# Can p45 be amended to hide last employers details?



## gerlarkin (29 Aug 2007)

Hi There,

After a very short time with my last employer we parted ways (not on the best terms), I do not want to include this Job on my CV. When i submit my P45 for my next job it will have my old employers name on it, is there any way this can be removed from it, or is there another form that can be given instead to my new employer?

Any help would be very appreciated, thanks


----------



## Brendan Burgess (29 Aug 2007)

Yes. You can ask the Revenue directly for a statement of earnings and tax paid to date. You don't need to use a P45

Brendan


----------



## Towger (29 Aug 2007)

Brendan said:


> Yes. You can ask the Revenue directly for a statement of earnings and tax paid to date. You don't need to use a P45
> 
> Brendan



AFAIK the P45 has to be sent directly into Revenue for them to issue the Tax Cert


----------



## ubiquitous (29 Aug 2007)

Towger said:


> AFAIK the P45 has to be sent directly into Revenue for them to issue the Tax Cert



Yes. The point is that you can do this yourself.


----------



## ClubMan (29 Aug 2007)

I thought that there used to be an option of returning the _P45 _to _Revenue _to get certain details removed before handing it to a new employer? But maybe I misunderstood...


----------



## ubiquitous (29 Aug 2007)

ClubMan said:


> I thought that there used to be an option of returning the _P45 _to _Revenue _to get certain details removed before handing it to a new employer? But maybe I misunderstood...



The only reason a P45 is handed to a new employer in the first instance is for them to forward it to Revenue along with a Form 12a application for a cert of tax credits for the employee. The employee can bypass this process if they wish by forwarding the P45 directly to Revenue, preferably with a completed Form 12a.


----------



## Flax (29 Aug 2007)

Also, generally the accounts person and the person who interviewed you are two different people, so you could just give the P45 directly to the accounts person...


----------



## MsGinger (29 Aug 2007)

Parts 2/3/4 of the P45 (i.e. the bits the employee gets & parts 2/3 go to the new employer) does not include the employer name, only the PAYE number.
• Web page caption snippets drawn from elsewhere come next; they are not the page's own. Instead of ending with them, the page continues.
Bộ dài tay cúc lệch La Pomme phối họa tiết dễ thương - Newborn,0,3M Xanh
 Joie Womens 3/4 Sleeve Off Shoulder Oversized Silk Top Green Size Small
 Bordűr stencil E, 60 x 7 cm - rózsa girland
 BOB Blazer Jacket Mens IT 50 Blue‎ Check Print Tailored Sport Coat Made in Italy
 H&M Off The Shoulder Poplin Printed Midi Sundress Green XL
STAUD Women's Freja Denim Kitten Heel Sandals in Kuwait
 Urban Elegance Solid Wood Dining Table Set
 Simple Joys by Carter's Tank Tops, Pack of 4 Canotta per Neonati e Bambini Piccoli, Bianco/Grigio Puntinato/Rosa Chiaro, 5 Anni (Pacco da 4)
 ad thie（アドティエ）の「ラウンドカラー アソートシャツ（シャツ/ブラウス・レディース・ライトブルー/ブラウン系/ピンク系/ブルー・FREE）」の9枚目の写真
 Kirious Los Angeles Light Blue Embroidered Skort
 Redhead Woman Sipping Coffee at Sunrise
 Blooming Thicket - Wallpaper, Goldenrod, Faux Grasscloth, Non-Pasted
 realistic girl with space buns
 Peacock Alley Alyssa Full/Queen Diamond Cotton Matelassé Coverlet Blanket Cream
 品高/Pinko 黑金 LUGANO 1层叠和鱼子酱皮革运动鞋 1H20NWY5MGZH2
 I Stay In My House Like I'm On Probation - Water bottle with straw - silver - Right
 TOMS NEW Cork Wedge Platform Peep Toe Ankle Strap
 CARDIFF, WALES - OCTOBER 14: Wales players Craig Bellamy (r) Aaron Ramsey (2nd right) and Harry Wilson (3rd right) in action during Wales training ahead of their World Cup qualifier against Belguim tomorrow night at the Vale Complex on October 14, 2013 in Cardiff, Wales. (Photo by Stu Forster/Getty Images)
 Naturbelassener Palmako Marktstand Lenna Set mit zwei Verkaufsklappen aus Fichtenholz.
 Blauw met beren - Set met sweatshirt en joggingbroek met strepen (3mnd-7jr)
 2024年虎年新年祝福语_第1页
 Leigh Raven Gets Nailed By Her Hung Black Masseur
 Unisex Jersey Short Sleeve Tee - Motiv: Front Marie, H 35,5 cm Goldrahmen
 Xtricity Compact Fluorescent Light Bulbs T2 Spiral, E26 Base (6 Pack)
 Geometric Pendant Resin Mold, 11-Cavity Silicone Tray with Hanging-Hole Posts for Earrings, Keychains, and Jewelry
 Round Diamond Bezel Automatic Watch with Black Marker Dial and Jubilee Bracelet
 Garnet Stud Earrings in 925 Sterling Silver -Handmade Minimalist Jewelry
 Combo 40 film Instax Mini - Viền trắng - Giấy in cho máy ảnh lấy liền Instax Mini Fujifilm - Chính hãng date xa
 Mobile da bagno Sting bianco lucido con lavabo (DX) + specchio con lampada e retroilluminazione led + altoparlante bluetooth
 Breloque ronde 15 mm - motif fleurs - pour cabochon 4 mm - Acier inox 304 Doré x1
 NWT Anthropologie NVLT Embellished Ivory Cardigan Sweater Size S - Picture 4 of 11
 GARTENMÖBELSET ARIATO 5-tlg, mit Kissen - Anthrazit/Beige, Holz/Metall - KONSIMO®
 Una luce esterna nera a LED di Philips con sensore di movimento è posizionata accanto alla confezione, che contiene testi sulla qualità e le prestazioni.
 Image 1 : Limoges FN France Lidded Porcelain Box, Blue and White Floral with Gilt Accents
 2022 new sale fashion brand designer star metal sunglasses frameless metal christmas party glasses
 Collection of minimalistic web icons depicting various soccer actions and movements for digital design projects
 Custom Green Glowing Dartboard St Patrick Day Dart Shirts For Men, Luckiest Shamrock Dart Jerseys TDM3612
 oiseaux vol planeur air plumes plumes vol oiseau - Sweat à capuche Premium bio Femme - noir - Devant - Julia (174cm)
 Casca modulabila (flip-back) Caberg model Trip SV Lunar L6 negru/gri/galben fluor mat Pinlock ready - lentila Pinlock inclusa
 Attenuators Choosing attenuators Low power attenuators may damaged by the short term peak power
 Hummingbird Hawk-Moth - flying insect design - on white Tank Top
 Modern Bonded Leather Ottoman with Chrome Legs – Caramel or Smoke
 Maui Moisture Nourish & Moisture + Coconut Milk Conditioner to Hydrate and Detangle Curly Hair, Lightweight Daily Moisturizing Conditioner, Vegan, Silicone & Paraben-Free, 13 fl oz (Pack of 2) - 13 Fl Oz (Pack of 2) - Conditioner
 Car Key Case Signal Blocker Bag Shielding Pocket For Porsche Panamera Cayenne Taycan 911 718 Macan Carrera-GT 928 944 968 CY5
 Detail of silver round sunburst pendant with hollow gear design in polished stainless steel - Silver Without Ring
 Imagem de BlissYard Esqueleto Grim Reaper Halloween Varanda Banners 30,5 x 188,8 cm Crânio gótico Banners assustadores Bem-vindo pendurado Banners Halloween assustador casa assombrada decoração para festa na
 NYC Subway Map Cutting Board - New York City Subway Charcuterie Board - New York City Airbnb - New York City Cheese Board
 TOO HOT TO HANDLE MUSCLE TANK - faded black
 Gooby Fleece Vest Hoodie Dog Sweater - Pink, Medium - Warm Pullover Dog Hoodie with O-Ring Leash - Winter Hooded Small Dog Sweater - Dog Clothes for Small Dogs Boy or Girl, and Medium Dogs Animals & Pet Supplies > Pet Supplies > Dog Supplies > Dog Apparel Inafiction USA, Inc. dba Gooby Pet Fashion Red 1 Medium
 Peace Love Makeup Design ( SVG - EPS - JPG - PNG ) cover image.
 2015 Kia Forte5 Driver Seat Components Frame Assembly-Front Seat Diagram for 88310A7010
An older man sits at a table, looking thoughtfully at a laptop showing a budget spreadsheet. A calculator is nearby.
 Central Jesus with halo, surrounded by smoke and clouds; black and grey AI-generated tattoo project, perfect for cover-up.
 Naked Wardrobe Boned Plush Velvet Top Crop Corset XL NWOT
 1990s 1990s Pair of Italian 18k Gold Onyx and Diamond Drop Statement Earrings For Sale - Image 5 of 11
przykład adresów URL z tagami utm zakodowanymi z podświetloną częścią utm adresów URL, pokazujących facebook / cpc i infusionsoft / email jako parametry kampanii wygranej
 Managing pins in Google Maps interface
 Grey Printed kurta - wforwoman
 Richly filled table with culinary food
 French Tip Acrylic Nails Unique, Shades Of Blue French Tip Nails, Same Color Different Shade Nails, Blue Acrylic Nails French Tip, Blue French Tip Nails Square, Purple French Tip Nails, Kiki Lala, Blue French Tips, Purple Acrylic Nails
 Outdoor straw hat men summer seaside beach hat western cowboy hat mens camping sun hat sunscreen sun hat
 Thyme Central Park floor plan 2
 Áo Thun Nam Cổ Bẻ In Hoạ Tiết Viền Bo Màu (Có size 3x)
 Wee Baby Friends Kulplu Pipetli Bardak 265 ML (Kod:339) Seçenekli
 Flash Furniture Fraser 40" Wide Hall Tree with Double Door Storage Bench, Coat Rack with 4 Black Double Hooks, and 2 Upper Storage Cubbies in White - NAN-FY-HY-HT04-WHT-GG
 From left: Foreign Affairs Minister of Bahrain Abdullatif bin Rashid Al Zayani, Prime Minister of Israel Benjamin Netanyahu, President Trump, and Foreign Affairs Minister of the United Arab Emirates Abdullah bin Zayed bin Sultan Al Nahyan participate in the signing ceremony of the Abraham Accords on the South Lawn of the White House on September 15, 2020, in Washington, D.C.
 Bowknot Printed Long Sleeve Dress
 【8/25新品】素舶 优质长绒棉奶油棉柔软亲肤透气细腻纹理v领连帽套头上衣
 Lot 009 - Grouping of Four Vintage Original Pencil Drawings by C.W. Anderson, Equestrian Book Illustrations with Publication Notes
I suppose the thing that would show on the P45 though is the start and end date, which might raise some questions.  To be honest it has never been a problem for our company as the job has been offered & accepted by the time the P45 is handed in.


----------



## gerlarkin (29 Aug 2007)

MsGinger said:


> Parts 2/3/4 of the P45 (i.e. the bits the employee gets & parts 2/3 go to the new employer) does not include the employer name, only the PAYE number.
> 
> I suppose the thing that would show on the P45 though is the start and end date, which might raise some questions.  To be honest it has never been a problem for our company as the job has been offered & accepted by the time the P45 is handed in.



ive thought about just handing in after the interview and have accepted the job, but i feel it may raise some questions as to why i didnt mention this job in the interview or cv.


----------



## ubiquitous (29 Aug 2007)

gerlarkin said:


> ive thought about just handing in after the interview and have accepted the job, but i feel it may raise some questions as to why i didnt mention this job in the interview or cv.



Did you bother reading the above posts?


----------



## Headachecity (29 Aug 2007)

Your p45 goes to the Payroll dept so stop worrying!. You know that you are entitled to send your P45 into revenue yourself with your new employers register number etc along with your form 12a and they will issue you with a new tax credits certificate and one to your employer. In relation to your P60 though in Jan 2008, your new employer will need your P45 to key in your earnings to date in your previous employment and your p60 will show your earnings in THIS employment and previous employment seperatly.
Don't be worrying, you have got the job and should anyone ask, which I doubt they will, say you temped for a few weeks while awaiting a perm position!.


----------



## gerlarkin (29 Aug 2007)

ubiquitous said:


> Did you bother reading the above posts?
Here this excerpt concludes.